Not to sure if you are aware but some ADA products are now available in Oz, and the prices are not to bad either. That Aquaclay that you are talking about, not sure if it's the same thing I saw at Subscape in Richmond but the guy there wasn't to pleased about it and said it was very expensive around $75 for a small bag.

You can get ADA products from:

www.aquariumproductswholesale.com


----------



## AQUAMX (Jan 24, 2005)

Dude you have made my day. lol thank you for this.

Brad


----------



## Faruk Gençöz (Nov 4, 2005)

I did not use the brand you mentioned but used another one for the pot plants. The one that I used had a very light density so that it could not support the plants by alone. It was not possible to bury especially Echinodorus species into it. I mixed it with my regular sea sand and it did not do any better than the regular sand.
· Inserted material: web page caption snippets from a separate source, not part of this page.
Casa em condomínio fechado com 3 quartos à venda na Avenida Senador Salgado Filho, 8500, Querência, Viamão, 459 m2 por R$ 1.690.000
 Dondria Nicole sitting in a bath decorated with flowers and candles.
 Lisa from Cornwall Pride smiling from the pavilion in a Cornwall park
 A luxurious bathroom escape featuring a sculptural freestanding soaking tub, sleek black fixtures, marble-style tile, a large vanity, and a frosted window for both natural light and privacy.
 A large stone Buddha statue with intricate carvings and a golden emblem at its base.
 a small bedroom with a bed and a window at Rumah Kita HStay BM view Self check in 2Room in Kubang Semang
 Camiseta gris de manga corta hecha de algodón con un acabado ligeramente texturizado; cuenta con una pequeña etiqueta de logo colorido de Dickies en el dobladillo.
Aquaclay should have more density. I believe it is a good idea to use clay as a base of the substrate material but when it is heated and made mini balls out of it, the material's CEC may be minimized but it doesn't make the water cloudy. It must not be expensive. So I would say give it a try and keep us informed about your experience.


----------



## AQUAMX (Jan 24, 2005)

Hi and thank you

Having recently discovered ada products are now in australia i cant wait to use these. Ive been reading about ada for years and am a huge Fan so i cant wait to get my hands on some.

If you have advice for me regarding substrates to use by ada please reply to my new thread. Thank you.

Mods please feel free to delete this thread to make room for another user if you wish to.

Brad


----------



## Faruk Gençöz (Nov 4, 2005)

OK, good luck with ADA. I wish I could find the ADA products here and respond to your new thread.


----------